# Goal of the exercise
A verbatim copy of all the data is required; the pictures should not appear in it.
Content starts
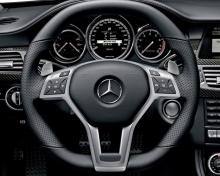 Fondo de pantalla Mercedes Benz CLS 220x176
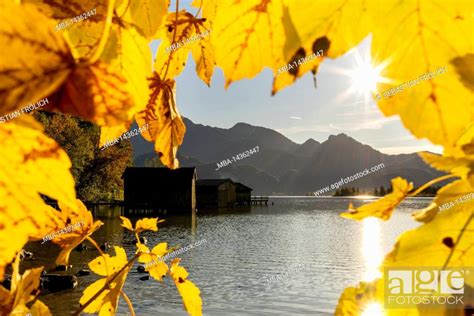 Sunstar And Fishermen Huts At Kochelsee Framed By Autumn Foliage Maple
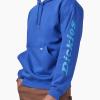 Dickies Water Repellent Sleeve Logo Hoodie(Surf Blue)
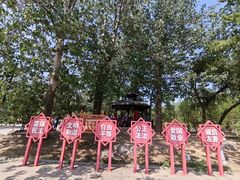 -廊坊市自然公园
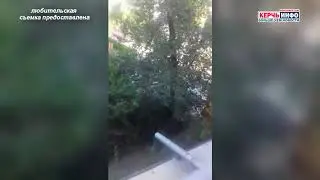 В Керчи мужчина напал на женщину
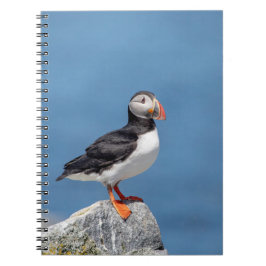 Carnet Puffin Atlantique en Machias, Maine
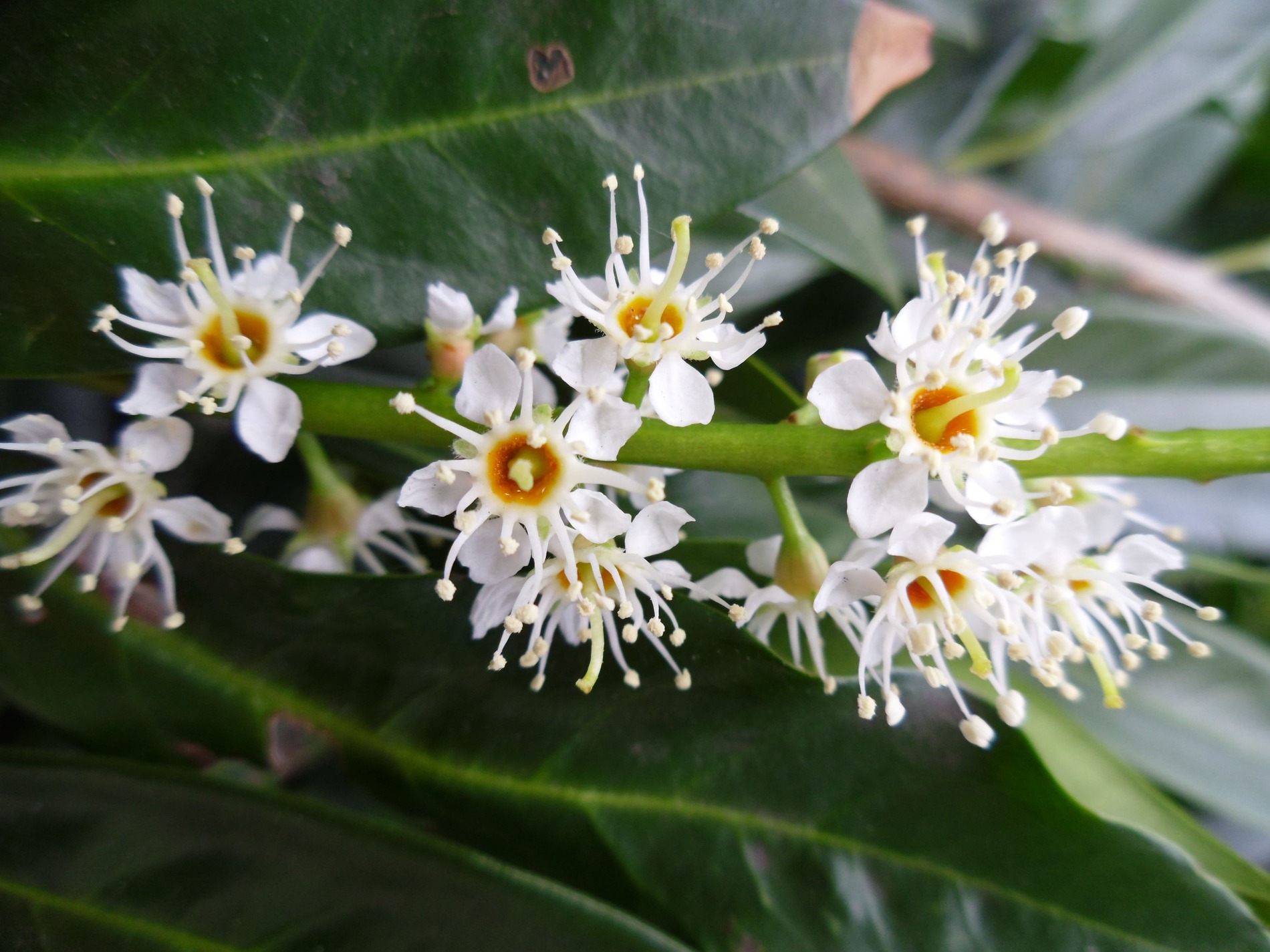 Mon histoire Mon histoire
Content ends
# Task answer
 Fondo de pantalla Mercedes Benz CLS 220x176
 Sunstar And Fishermen Huts At Kochelsee Framed By Autumn Foliage Maple
 Dickies Water Repellent Sleeve Logo Hoodie(Surf Blue)
 -廊坊市自然公园
 В Керчи мужчина напал на женщину
 Carnet Puffin Atlantique en Machias, Maine
 Mon histoire Mon histoire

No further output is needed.